Il Ballo delle Debuttanti, blogcronaca della seconda puntata

Il Ballo delle Debuttanti, blogcronaca della seconda puntata

Il ballo delle Debuttanti, blogcronaca in diretta web della seconda puntata

    Il Ballo delle Debuttanti, maestri e conduttori

    (Foto: Photomovie-Marco Rossi)

    Seconda puntata per il reality targato Maria De Filippi, Il Ballo delle Debuttanti, che seguiremo in diretta con la nostra blogcronaca a partire dalle 21.25. Inoltre da domani alle 16.15 su Canale 5 parte la striscia quotidiana de Il Ballo delle Debuttanti, al posto della serie Men on Trees. Speravamo di essercela risparmiata, e invece…
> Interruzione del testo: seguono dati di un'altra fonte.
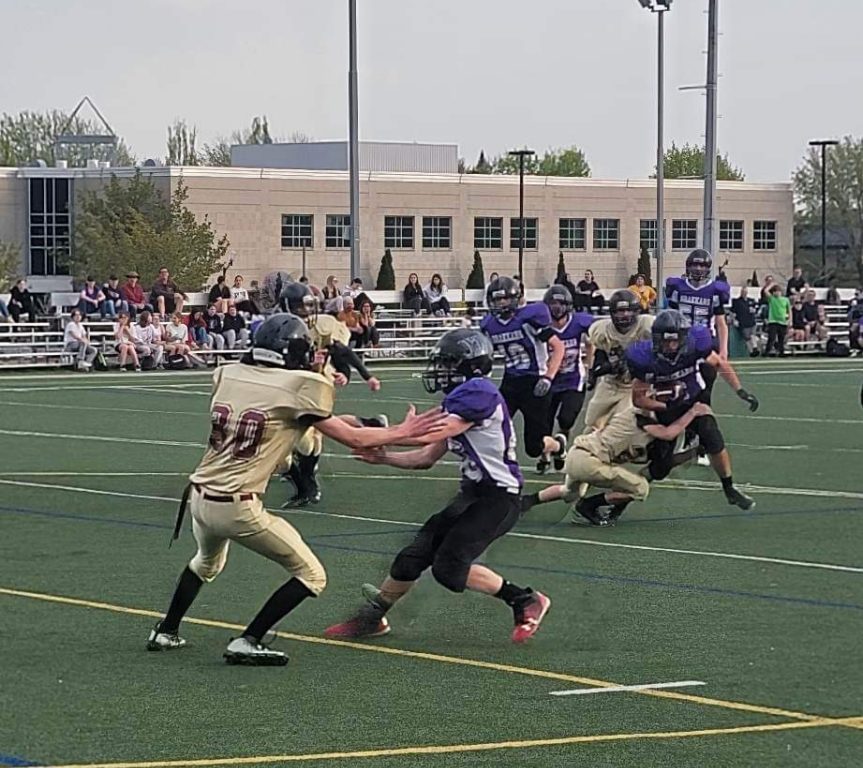 Des jouerus de football en pleine action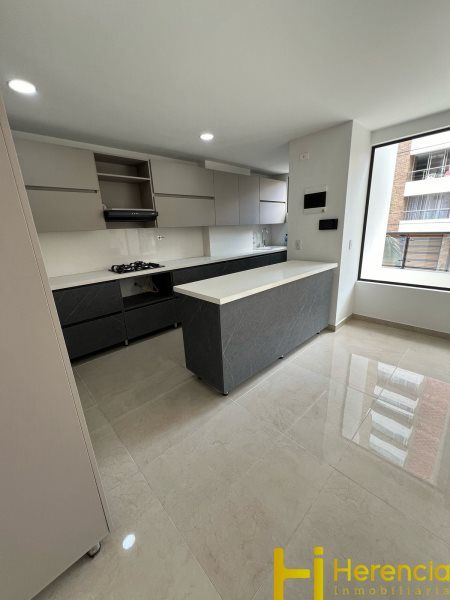 Apartamento en arriendo o venta Antioquia Medellín La Castellana 125 m2 Habitaciones 2 Baños 3 Garajes 1 Precio venta $1300000000 Precio arriendo $6000000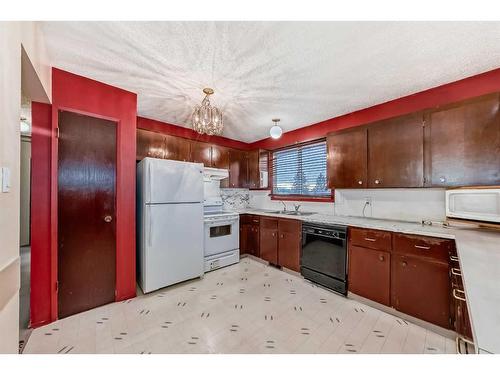 255 Rundleridge Drive Ne, Calgary, AB - Indoor Photo Showing Kitchen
    Dopo aver ospitato per quasi un mese le vicende delle 12 (ormai 11) debuttanti all’interno di PomeriggioCinque, Canale 5 ha pensato bene di ritagliare uno spazio tutto per loro, un quarto d’ora di celebrità dedicato alle beghe insulse tra chi pensa di avere la dote innata dell’eleganza (puntualmente smentita dai comportamenti adottati) e chi invece ritiene lo stile una inutile ‘sovrastruttura’.
    Il Ballo delle Debuttanti conquista così un posto nel palinsesto giornaliero di Canale 5: a dir la verità non se ne sentiva proprio la mancanza, come del resto di tutto il programma. In ogni caso, complice anche l’inizio di Uomini e Donne, il pomeriggio di Canale 5 risulta così strutturato:
    13:40 Beautiful
    14:10 Centovetrine
    14:45 Uomini e Donne
    16:15 Il Ballo delle Debuttanti
    16:30 My Life
    16:55 Tg5 – 5 Minuti
    17:00 PomeriggioCinque

    I fans di My Life possono tirare un sospiro di sollievo: la soap non verrà sospesa prima del 6 ottobre, quando a occupare lo slot di Petra interverranno gli Amici di Maria De Filippi. Non è ancora dato sapere se si riuscirà (o meglio si vorrà) trovare un buco per non interrompere una soap che ha comunque trovato un nutrito gruppo di estimatori.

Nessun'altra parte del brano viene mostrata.